(DATA Opens)
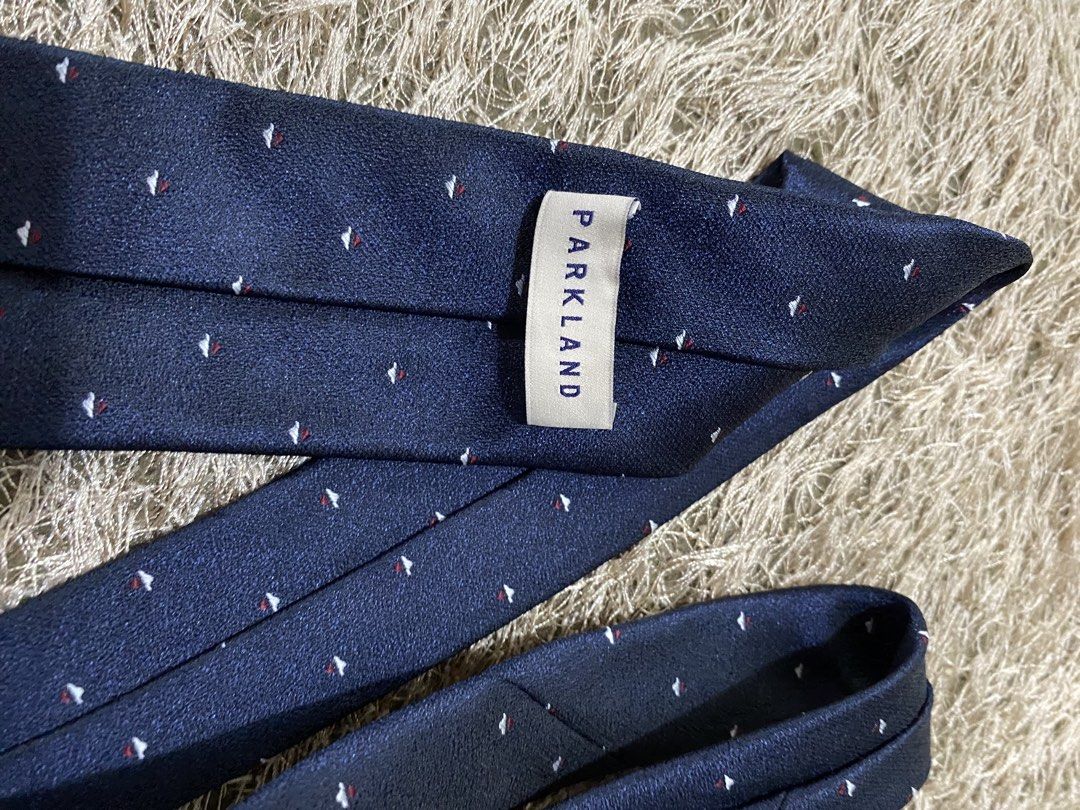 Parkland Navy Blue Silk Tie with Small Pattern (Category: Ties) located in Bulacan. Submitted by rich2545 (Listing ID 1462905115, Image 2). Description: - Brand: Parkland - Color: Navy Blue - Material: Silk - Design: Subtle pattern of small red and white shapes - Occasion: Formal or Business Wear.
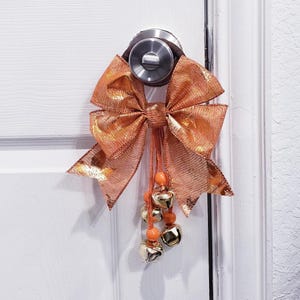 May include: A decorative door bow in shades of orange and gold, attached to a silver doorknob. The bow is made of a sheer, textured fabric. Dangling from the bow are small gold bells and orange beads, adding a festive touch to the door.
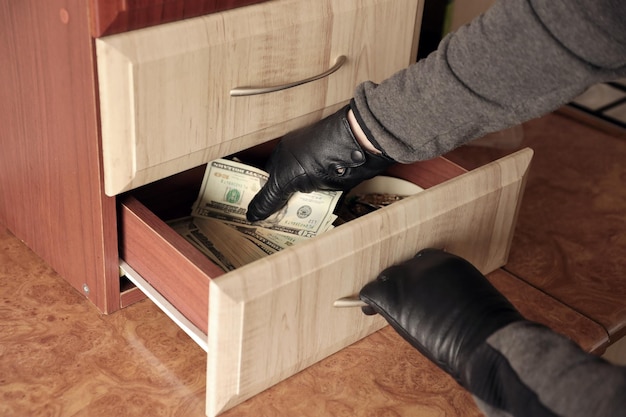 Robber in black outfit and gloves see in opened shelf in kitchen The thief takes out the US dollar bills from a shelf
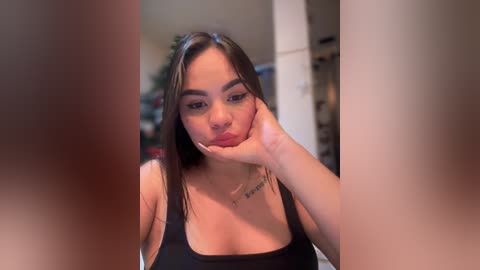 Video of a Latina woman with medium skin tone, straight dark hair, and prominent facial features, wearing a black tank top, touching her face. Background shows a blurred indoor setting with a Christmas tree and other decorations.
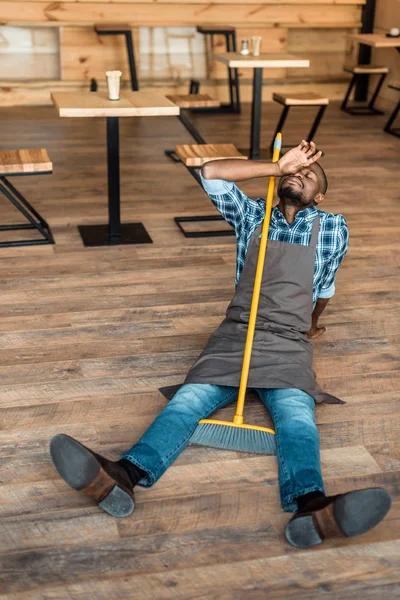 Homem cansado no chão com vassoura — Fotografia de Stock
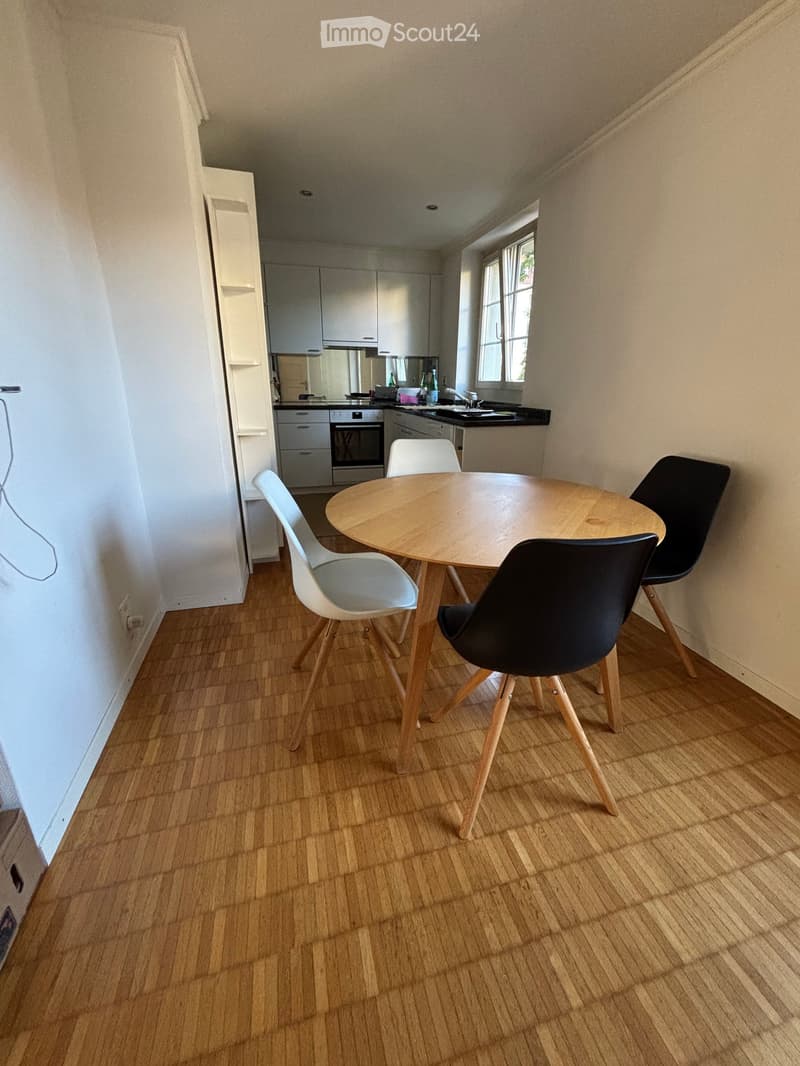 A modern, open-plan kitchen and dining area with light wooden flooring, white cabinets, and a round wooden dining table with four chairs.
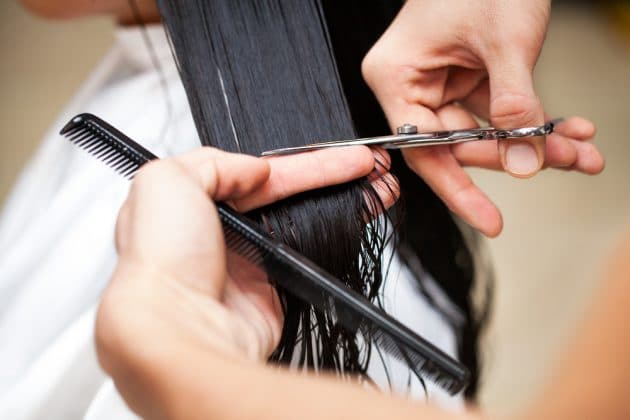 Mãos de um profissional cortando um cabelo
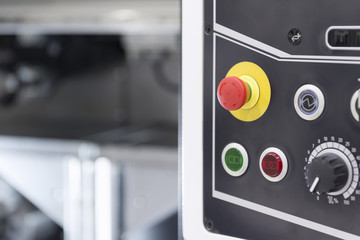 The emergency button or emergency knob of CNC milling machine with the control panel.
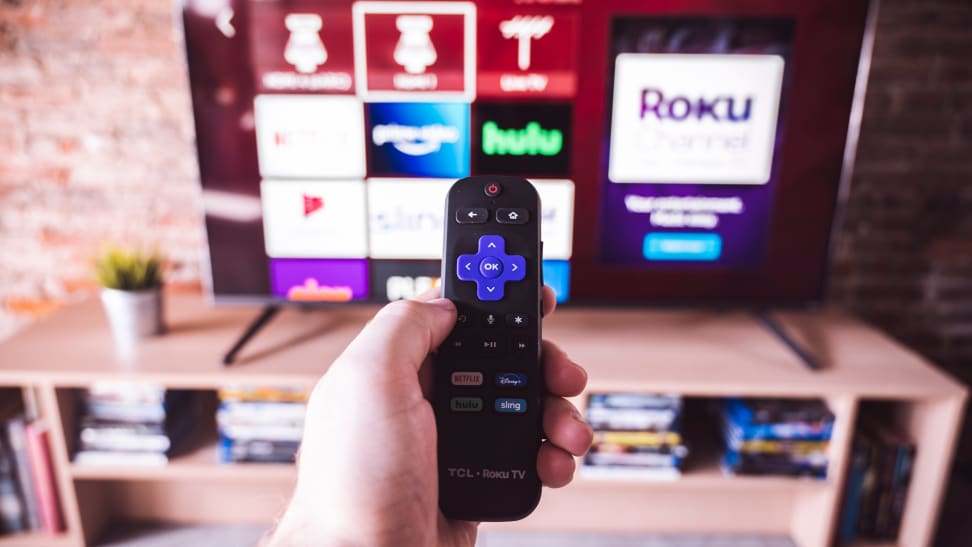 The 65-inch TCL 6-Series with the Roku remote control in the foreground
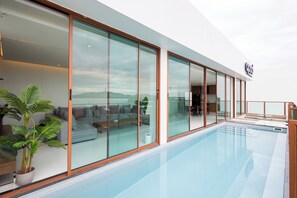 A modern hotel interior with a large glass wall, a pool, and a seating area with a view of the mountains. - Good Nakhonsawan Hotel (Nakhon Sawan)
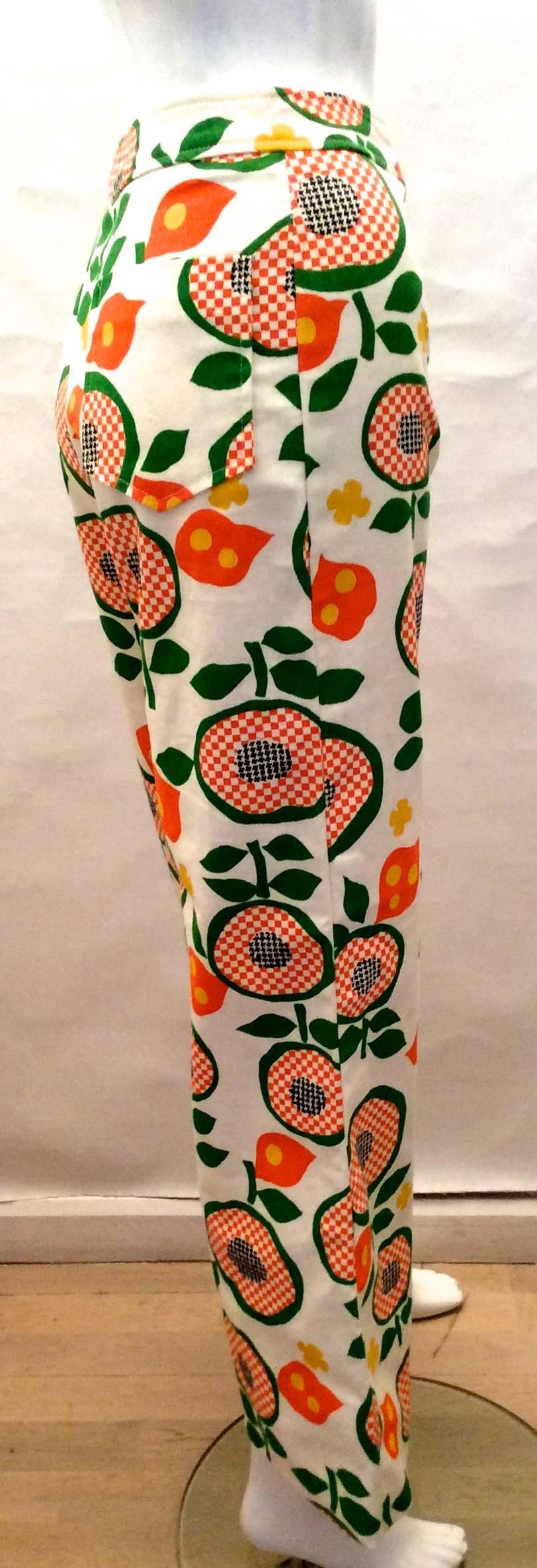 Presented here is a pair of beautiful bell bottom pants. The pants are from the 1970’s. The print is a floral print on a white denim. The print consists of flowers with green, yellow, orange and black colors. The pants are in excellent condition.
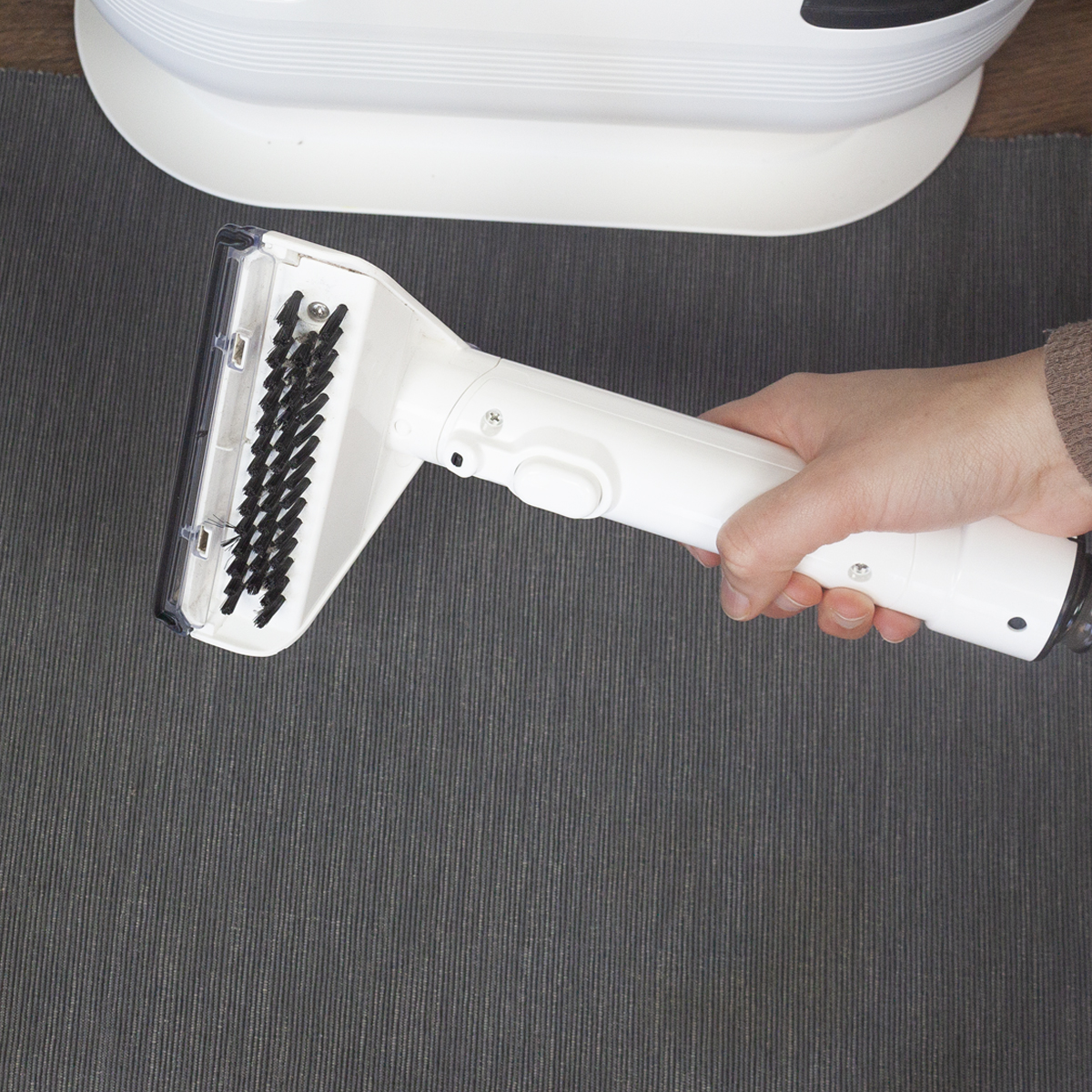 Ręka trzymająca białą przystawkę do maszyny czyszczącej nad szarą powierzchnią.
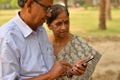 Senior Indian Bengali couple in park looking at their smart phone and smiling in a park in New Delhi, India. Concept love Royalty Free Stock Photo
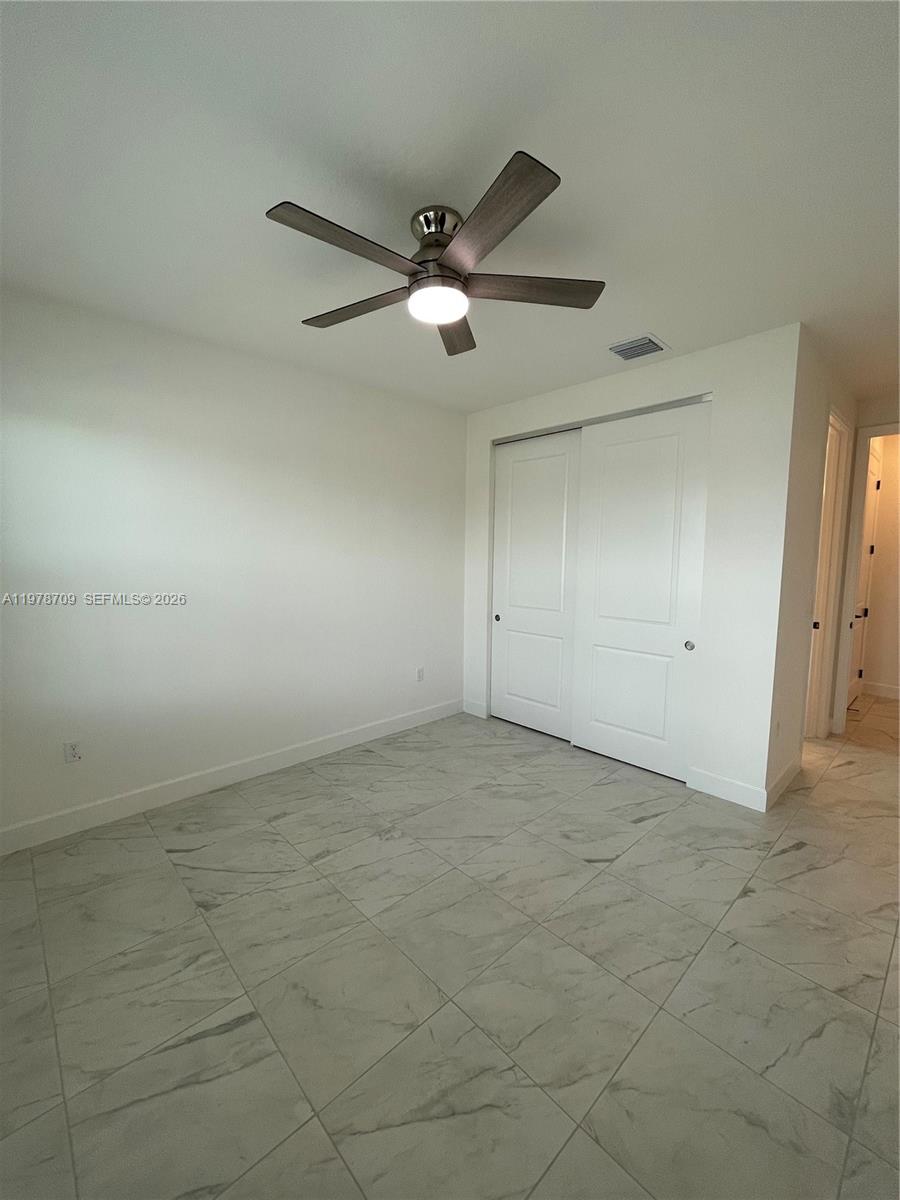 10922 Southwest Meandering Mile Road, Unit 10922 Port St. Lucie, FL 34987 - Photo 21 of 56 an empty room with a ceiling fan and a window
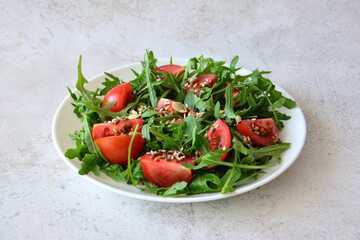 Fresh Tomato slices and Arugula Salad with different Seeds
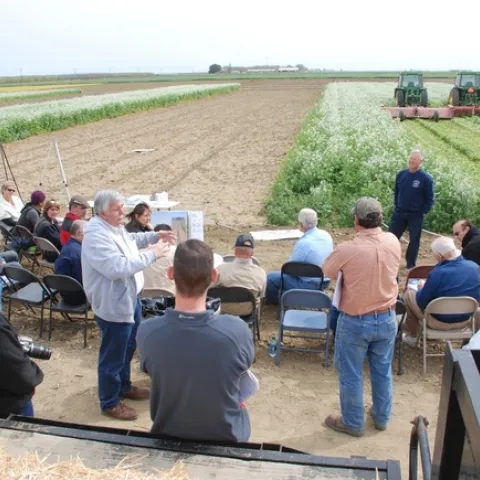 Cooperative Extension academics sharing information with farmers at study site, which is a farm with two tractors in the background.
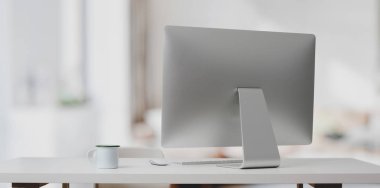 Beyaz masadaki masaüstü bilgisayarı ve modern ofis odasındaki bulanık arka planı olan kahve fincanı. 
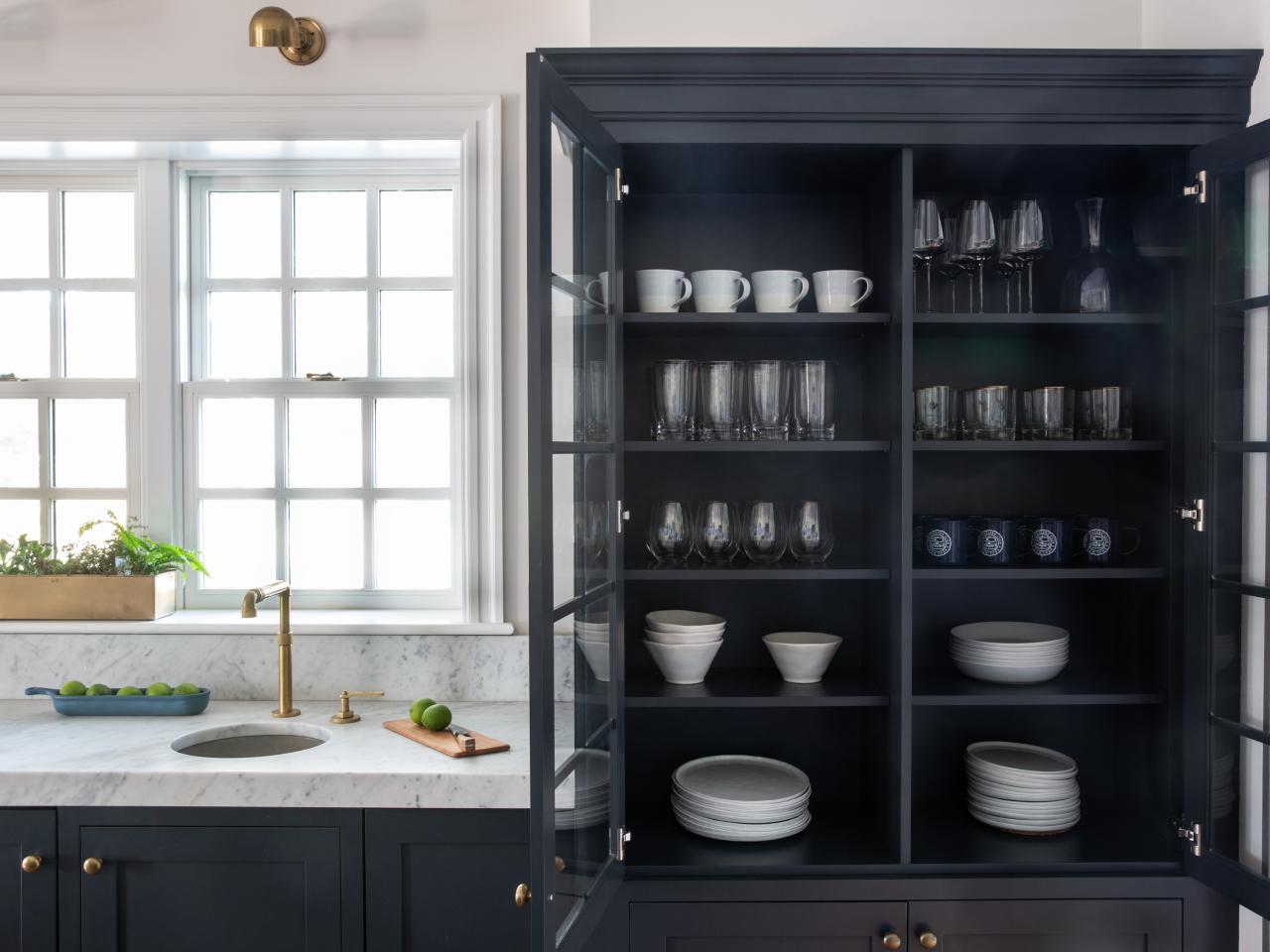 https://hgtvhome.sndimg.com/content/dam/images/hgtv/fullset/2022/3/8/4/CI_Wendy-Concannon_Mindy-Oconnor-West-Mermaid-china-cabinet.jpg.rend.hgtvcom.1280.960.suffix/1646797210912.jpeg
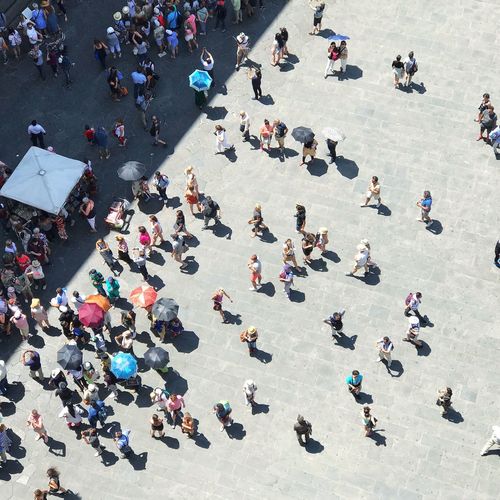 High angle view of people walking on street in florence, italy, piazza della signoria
(DATA Closes)
THE TASK — Although the records hold pictures, the copy must not; give again exactly the lines from the one with "Mãos de um profissional cortando um cabelo" through the one with "Senior Indian Bengali".

SOLUTION —
 Mãos de um profissional cortando um cabelo
 The emergency button or emergency knob of CNC milling machine with the control panel.
 The 65-inch TCL 6-Series with the Roku remote control in the foreground
 A modern hotel interior with a large glass wall, a pool, and a seating area with a view of the mountains. - Good Nakhonsawan Hotel (Nakhon Sawan)
 Presented here is a pair of beautiful bell bottom pants. The pants are from the 1970’s. The print is a floral print on a white denim. The print consists of flowers with green, yellow, orange and black colors. The pants are in excellent condition.
 Ręka trzymająca białą przystawkę do maszyny czyszczącej nad szarą powierzchnią.
 Senior Indian Bengali couple in park looking at their smart phone and smiling in a park in New Delhi, India. Concept love Royalty Free Stock Photo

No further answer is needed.